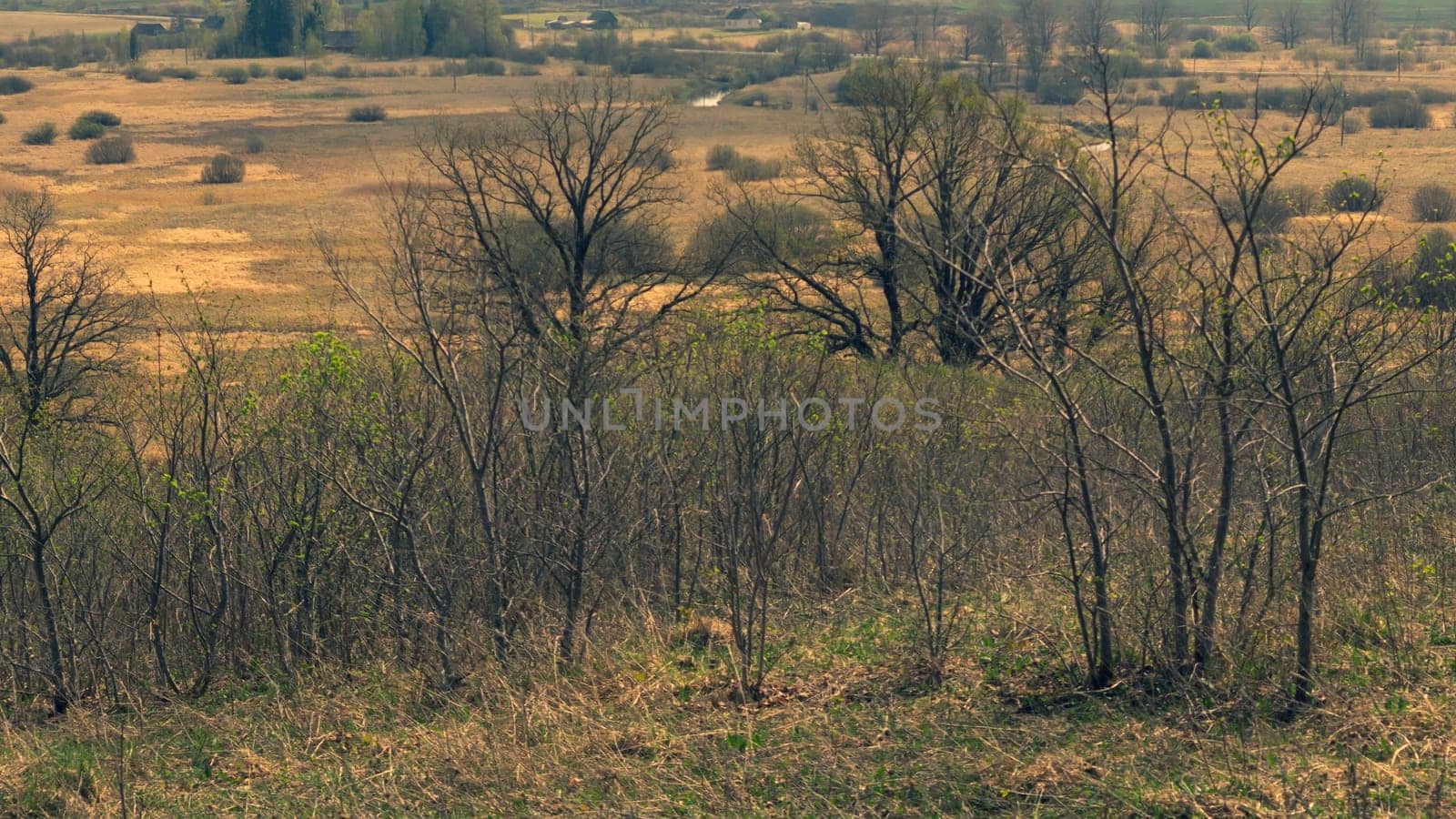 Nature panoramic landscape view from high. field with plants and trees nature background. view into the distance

* * *

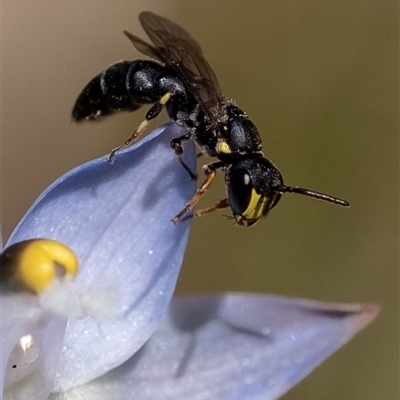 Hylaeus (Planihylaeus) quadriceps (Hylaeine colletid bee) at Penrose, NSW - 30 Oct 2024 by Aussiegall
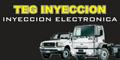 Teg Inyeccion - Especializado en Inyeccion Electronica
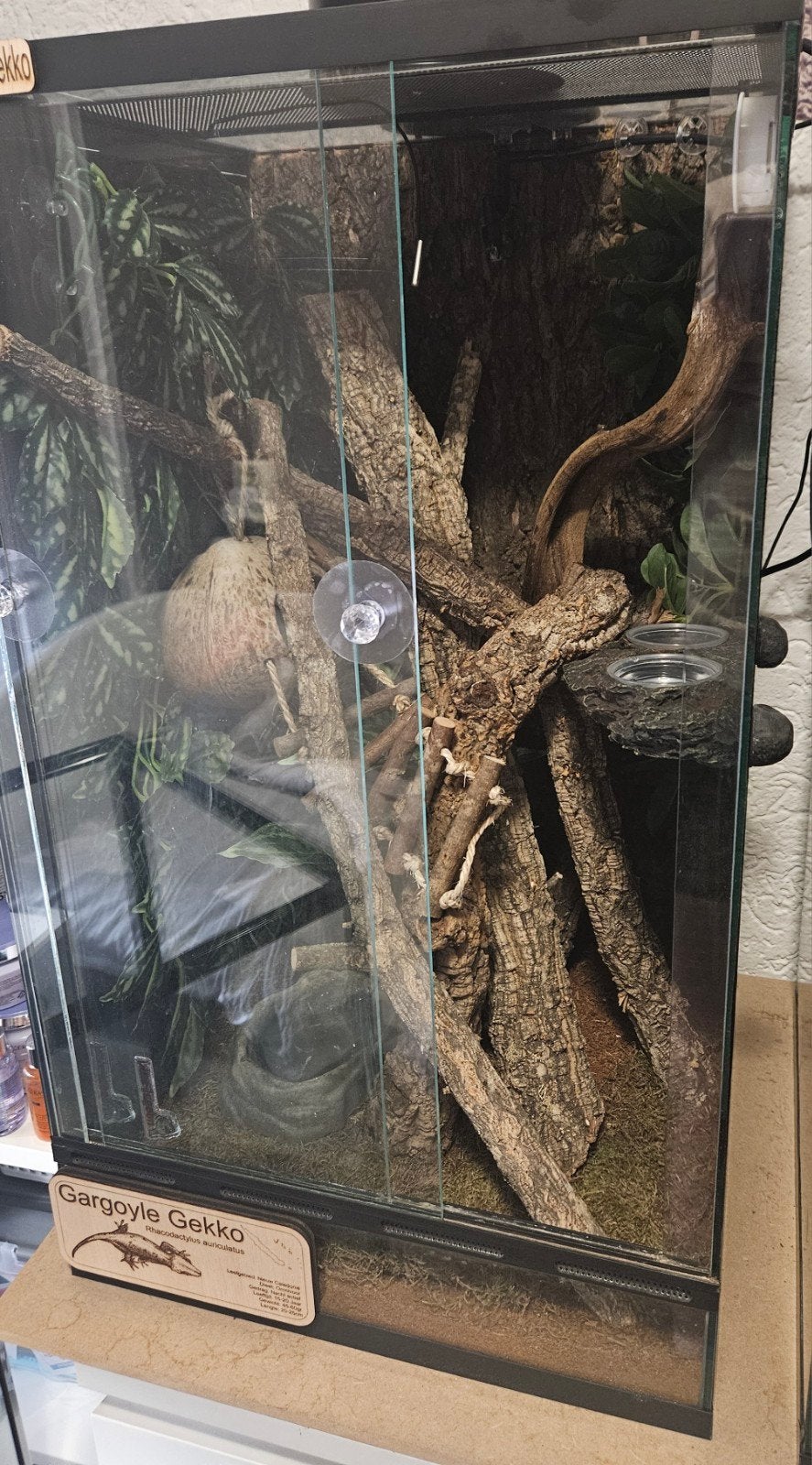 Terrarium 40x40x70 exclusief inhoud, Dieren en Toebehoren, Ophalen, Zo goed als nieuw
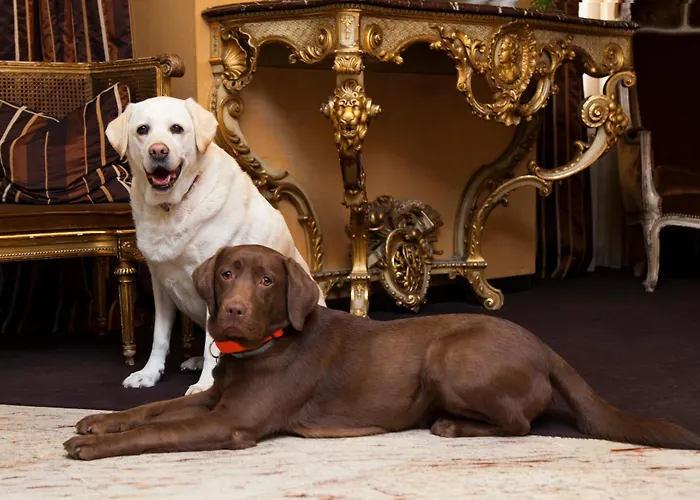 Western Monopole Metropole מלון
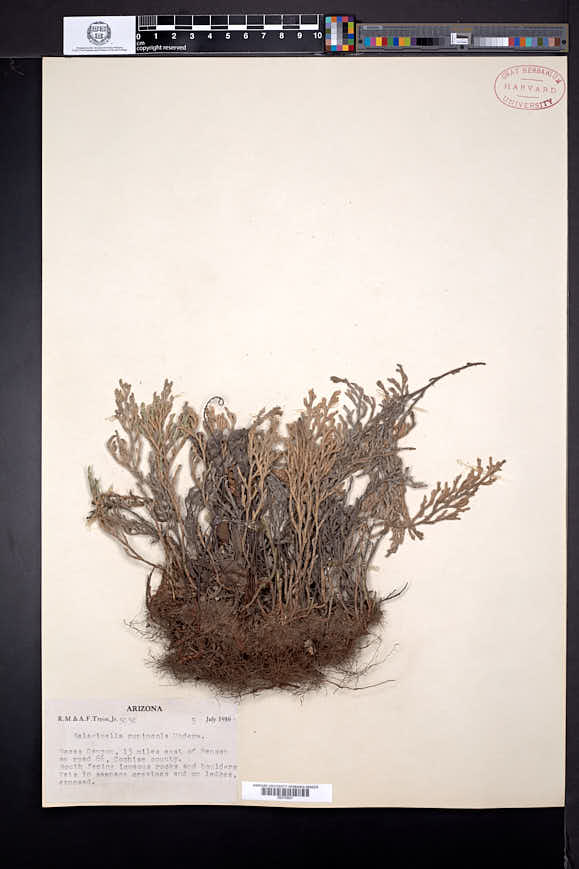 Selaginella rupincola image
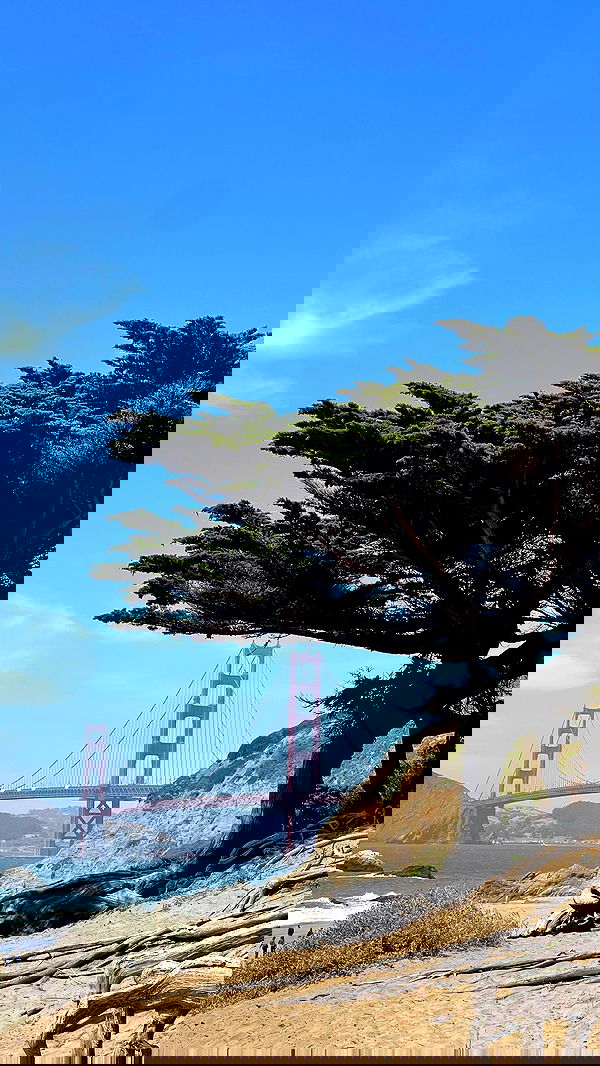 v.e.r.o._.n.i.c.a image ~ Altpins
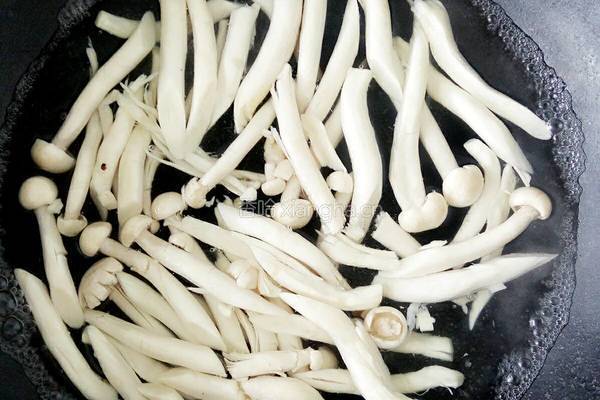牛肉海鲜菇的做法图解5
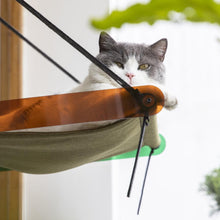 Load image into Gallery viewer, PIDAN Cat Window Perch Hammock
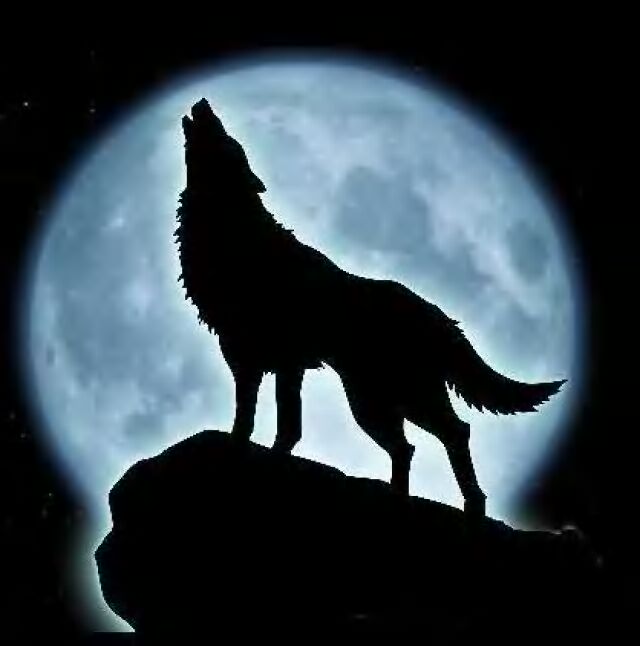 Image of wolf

* * *

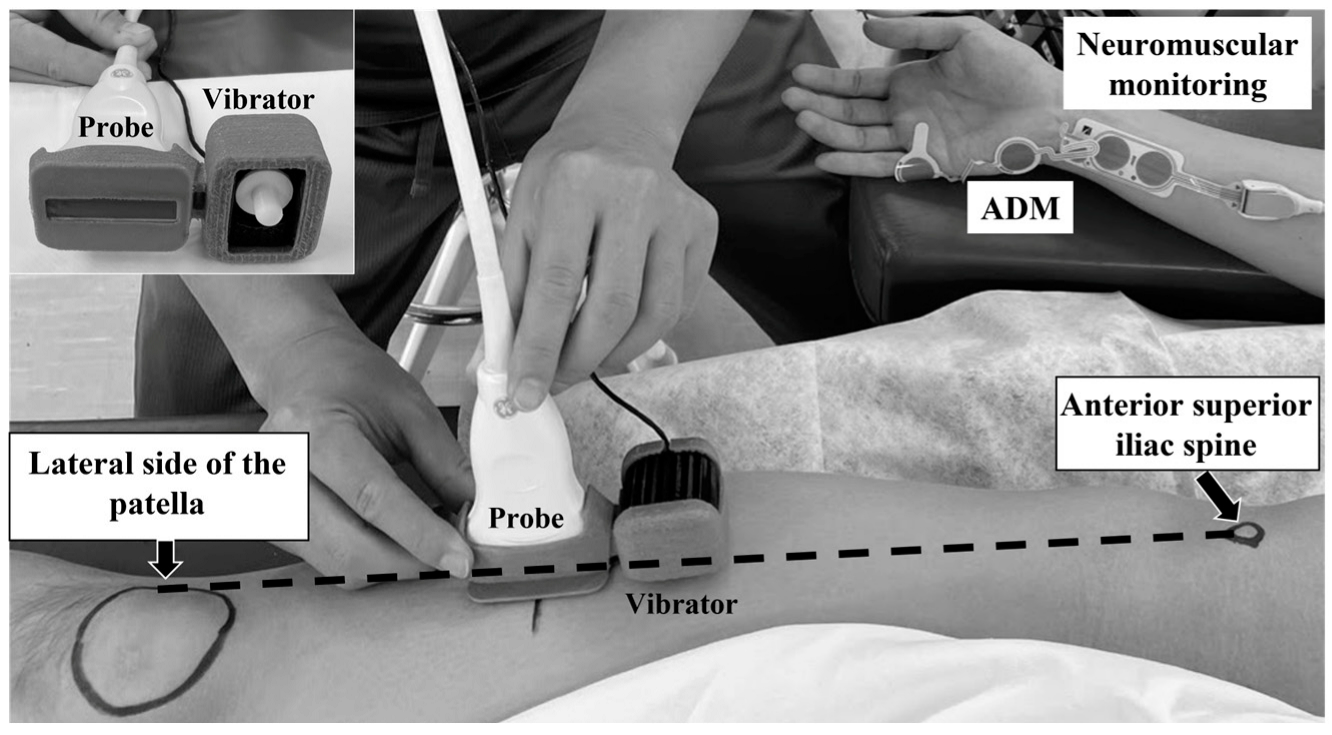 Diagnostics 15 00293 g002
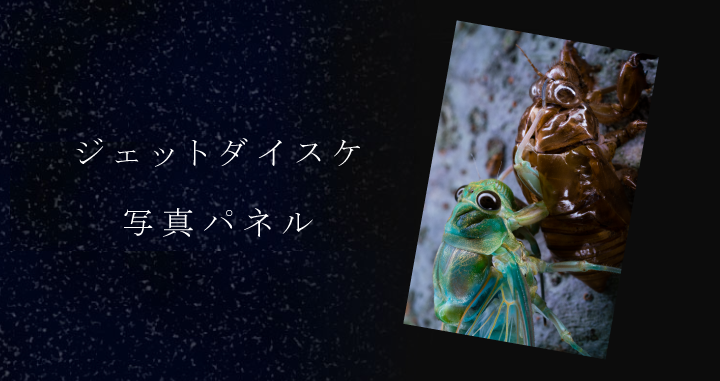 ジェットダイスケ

**Assignment**:
Look above for the line containing "Load image into" and the line containing "Image of wolf", then reproduce both and everything between them exactly, pictures omitted.

**Task response**:
 Load image into Gallery viewer, PIDAN Cat Window Perch Hammock
 Image of wolf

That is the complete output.